By The Neighbor
My neighbor Steve works for the U.S. Postal service and puts in long hours. When he’s home, he takes good care of his house and yard, keeps beautiful shrub roses, and is friendly with our family and others on our block. Mostly, he spends time with his family — but he makes a difference all around our neighborhood.
Before we moved in, our house was rented to a family of four active children and two absent parents. To reduce noise and protect his yard from damage, Steve built a tall fence between our back yards. The fence was cedar boards, with dog-eared pickets on alternating sides of horizontal rails. Our local lumberyard sells this pattern in sections, under the name “Good Neighbor.”

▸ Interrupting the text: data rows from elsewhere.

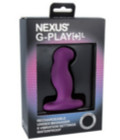 Nexus G-Play Plus Small Unisex Vibrator Purple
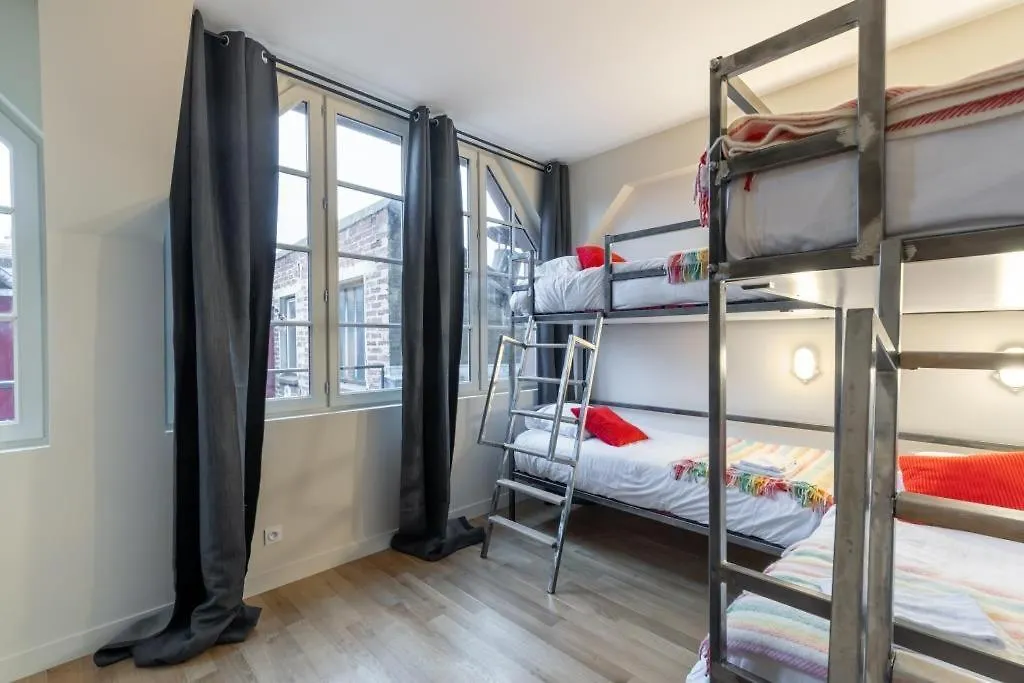 Lofts Philippe-Auguste Apartment Paris France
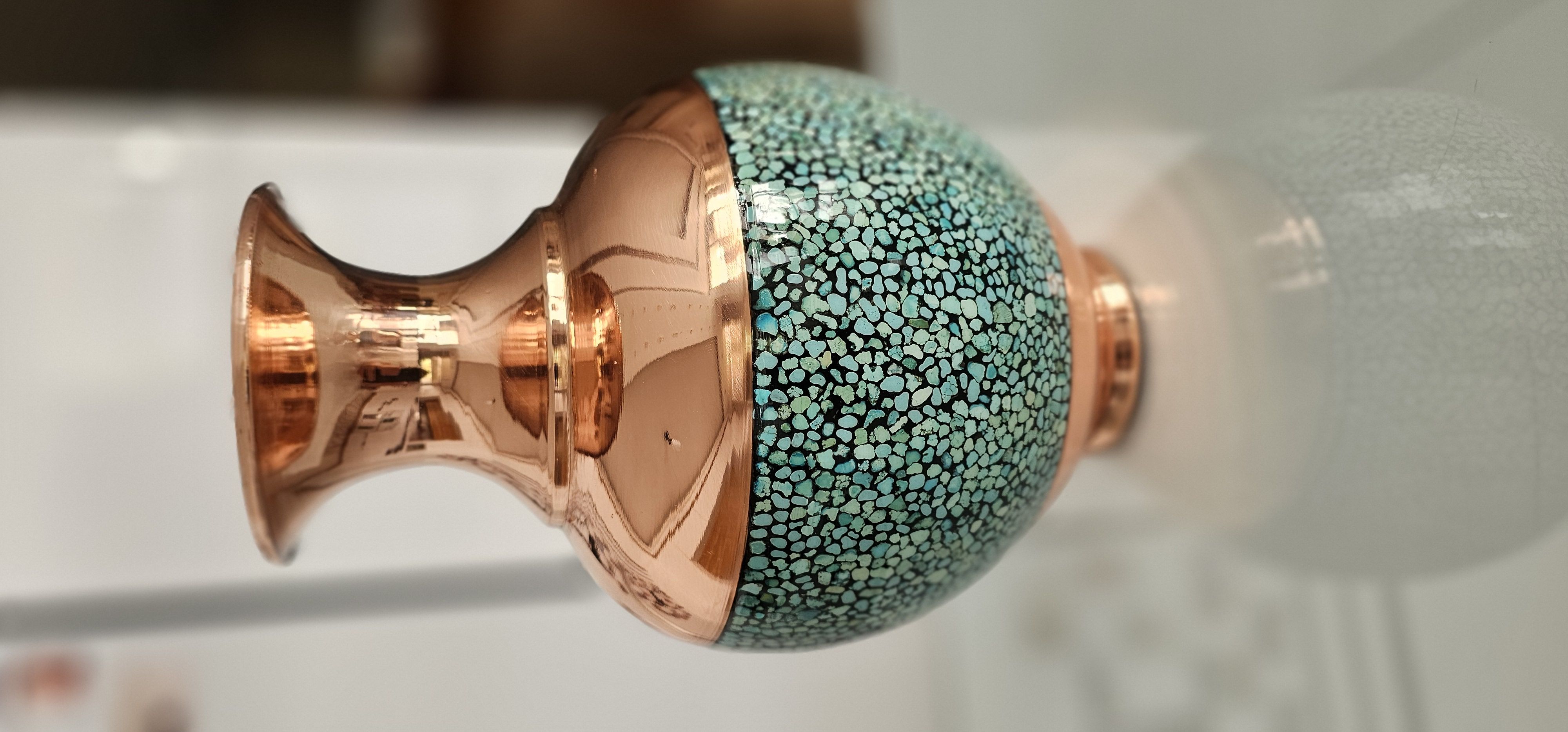 صنایع دستی اصفهان(فیروزه کوبی)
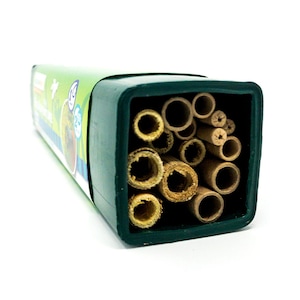 Bee house-Bee hotel-starter bee house-Mason bee house-pollinator bee house-beneficial insects  house-solitary bees -permaculture bee house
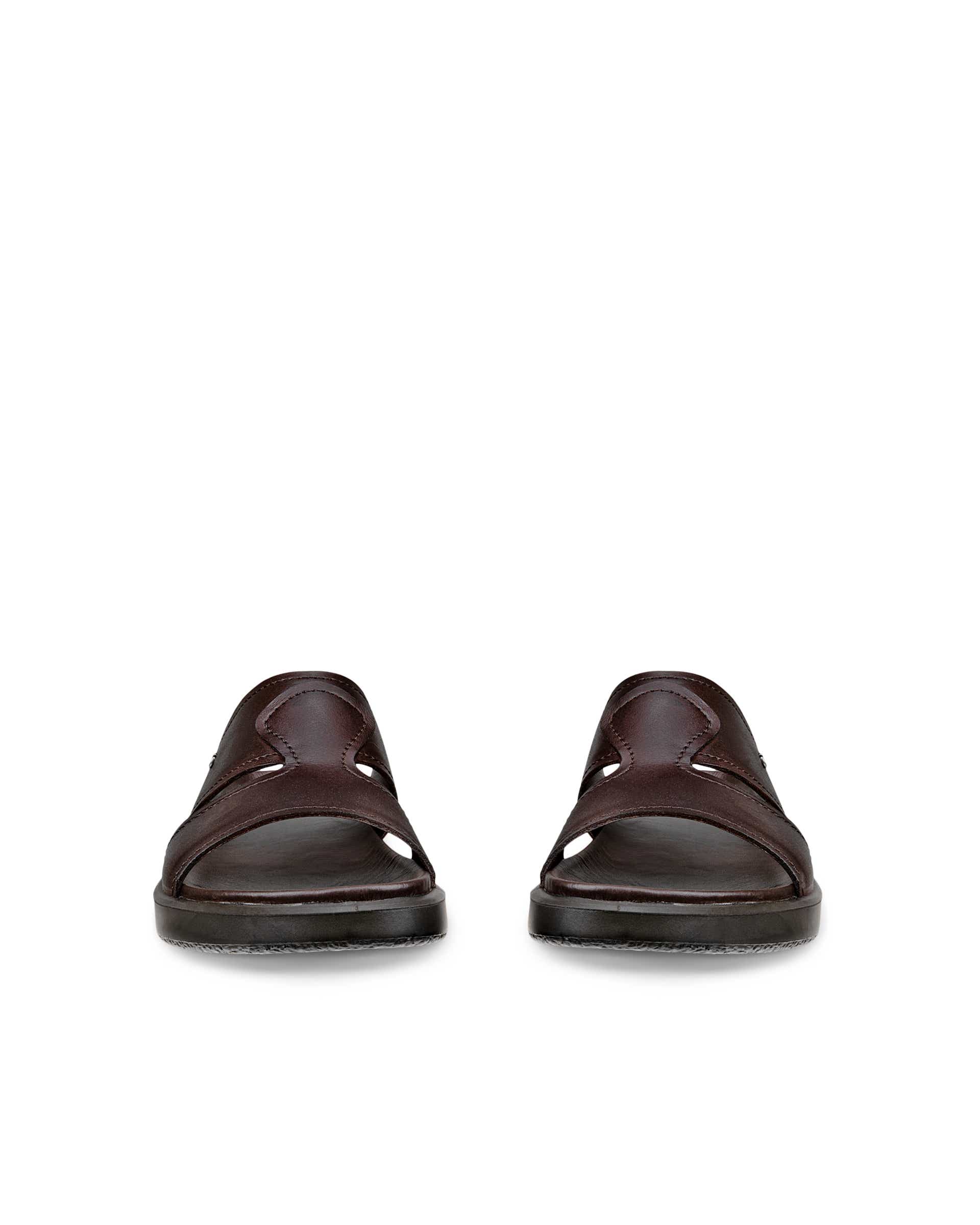 ECCO FLOWT LX M SLIDE LTD - Brown - Front pair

It was February in Minnesota when we arrived, a time most people stay indoors day and night due to the cold weather. We had little chance to meet our neighbors. As spring came and the weather warmed, we started to get acquainted. To the south of us are Ray and Rosie, who have lived in their house over 50 years and are both retired. To the north is Steve.

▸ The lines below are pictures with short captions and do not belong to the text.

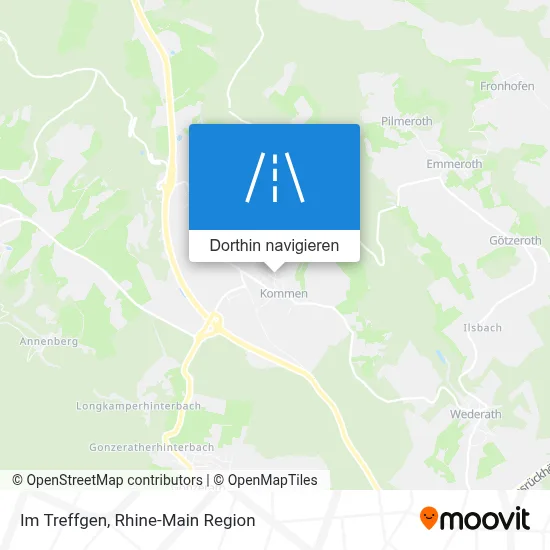 Im Treffgen Karte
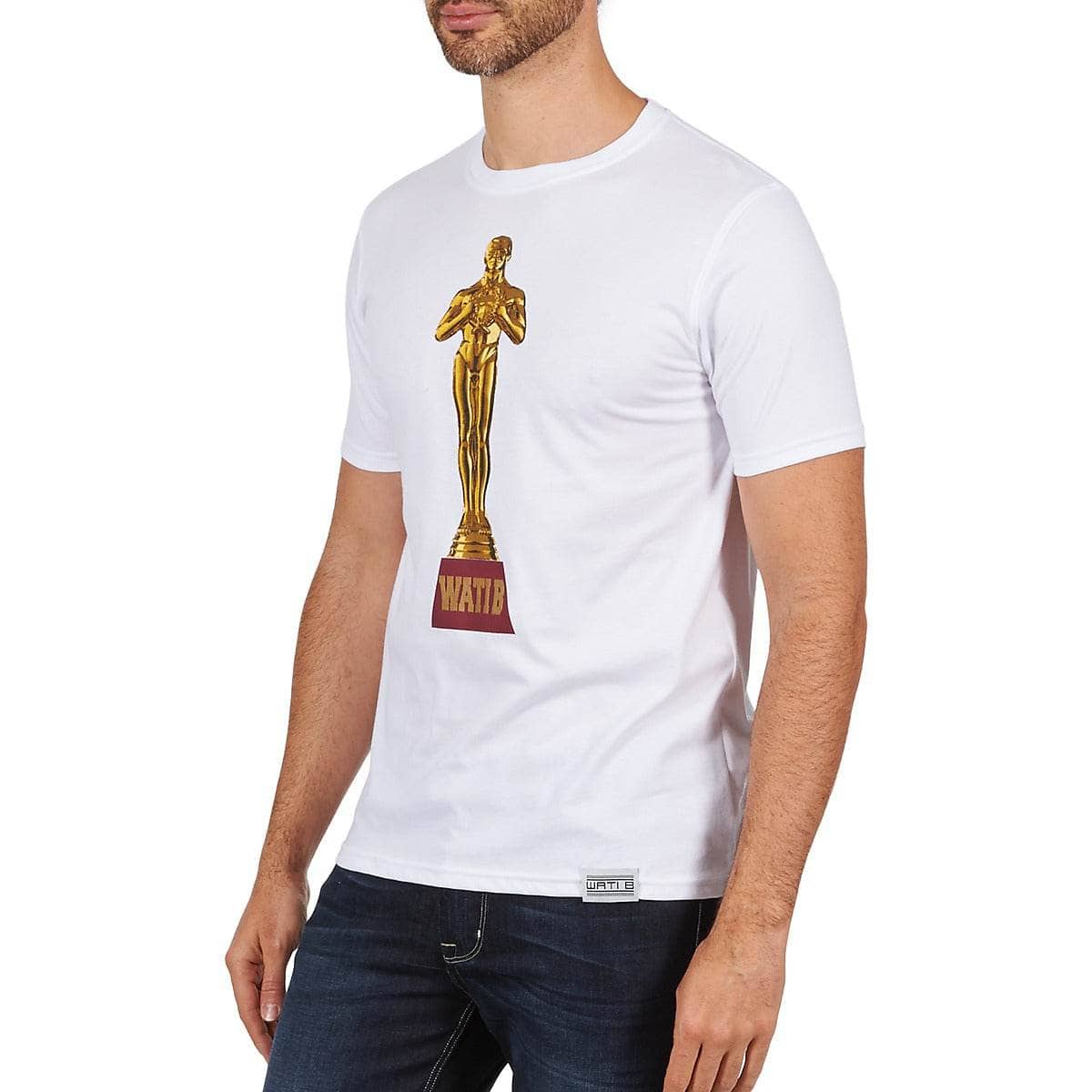 T-shirt Uomo Wati B TSOSCAR Bianco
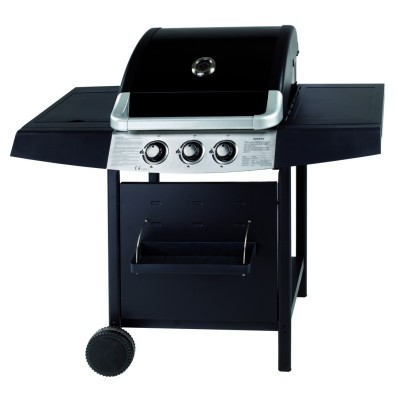 BARBECUE A GAS CON PIETRA LAVICA MOD.ER7802A-3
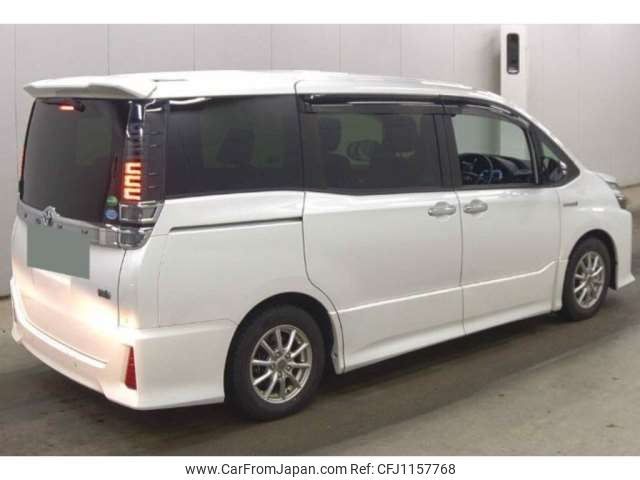 toyota voxy 2020 -TOYOTA 【八戸 300ﾏ1340】--Voxy DAA-ZWR80W--ZWR80W-0453891---TOYOTA 【八戸 300ﾏ1340】--Voxy DAA-ZWR80W--ZWR80W-0453891- image 2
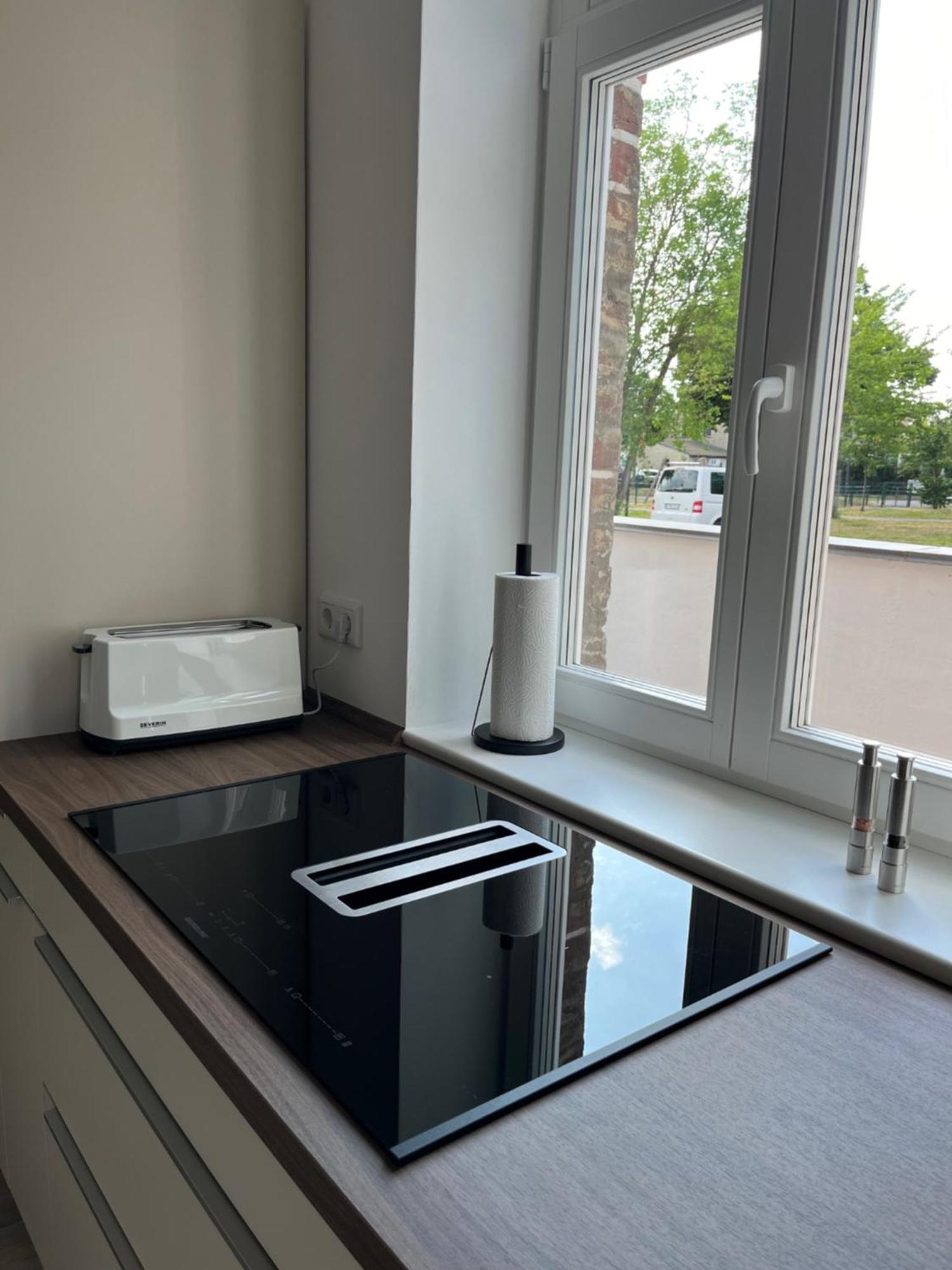 Remise 23A - 2Schlafzimmer Unterkunft Fuer 4-Koepfige Familie Schönefeld Dış mekan fotoğraf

As Steve and I talked, we could only see each other if we were in our front yards. The fence in back was too tall for either of us to see over. Before too long, it was obvious the fence was getting in the way of a new friendship. But it belonged to Steve, so I didn’t say anything.
One day after working overtime for several days, Steve had a weekday off at the same time I did. He suggested we take the fence down in sections, cut two feet off the bottom edge, shorten the posts, and put the sections back up. That would let us see and hear each other without removing the fence completely. The project only took a few hours, and the results were great.

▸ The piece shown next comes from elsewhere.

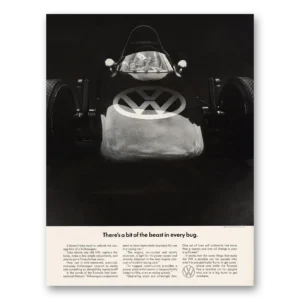 1967 Volkswagen Print Ad | Every Bug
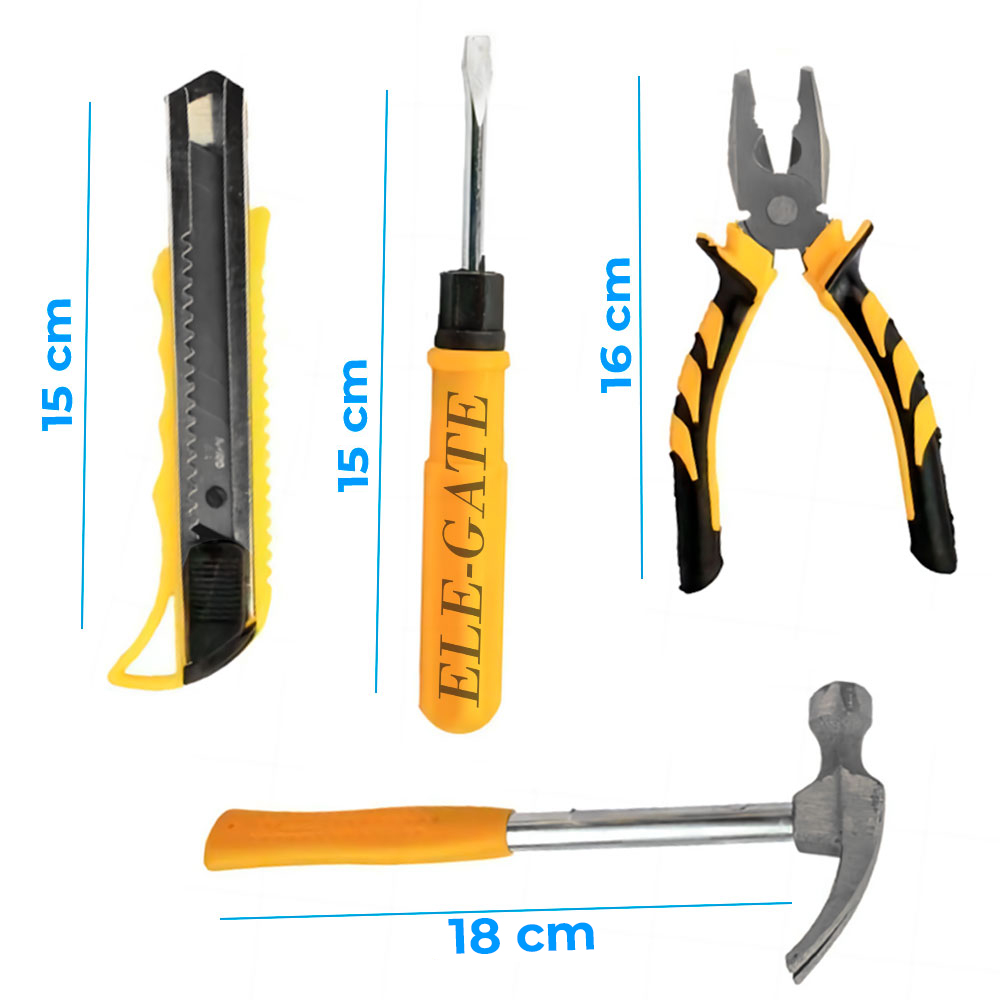 Juego de 4 Herramientas Manuales de Alta Calidad - Image 6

Inspired by the new look, I built a matching cedar fence for the other open sides of our yard. The pickets were only available in six-foot lengths, so I cut them all to four feet and saved the scrap.
Steve took all the remaining two-foot boards and started building birdhouses. By the time he finished using all the leftover cedar, he had made 99 nesting boxes for songbirds. He gave them away all over our neighborhood.
In his poem “Mending Wall,” Robert Frost wrote a line that became famous: “Good fences make good neighbors.” He meant that by taking care of our own homes, we show our respect for the homes of others. But Steve extended his caretaking far beyond the borders of his property lines, giving useful ornaments to people nearby, and bringing new shelter to the birds.
Seeing the example Steve has set, I think Frost had it backward. Good neighbors make good fences — and good friends.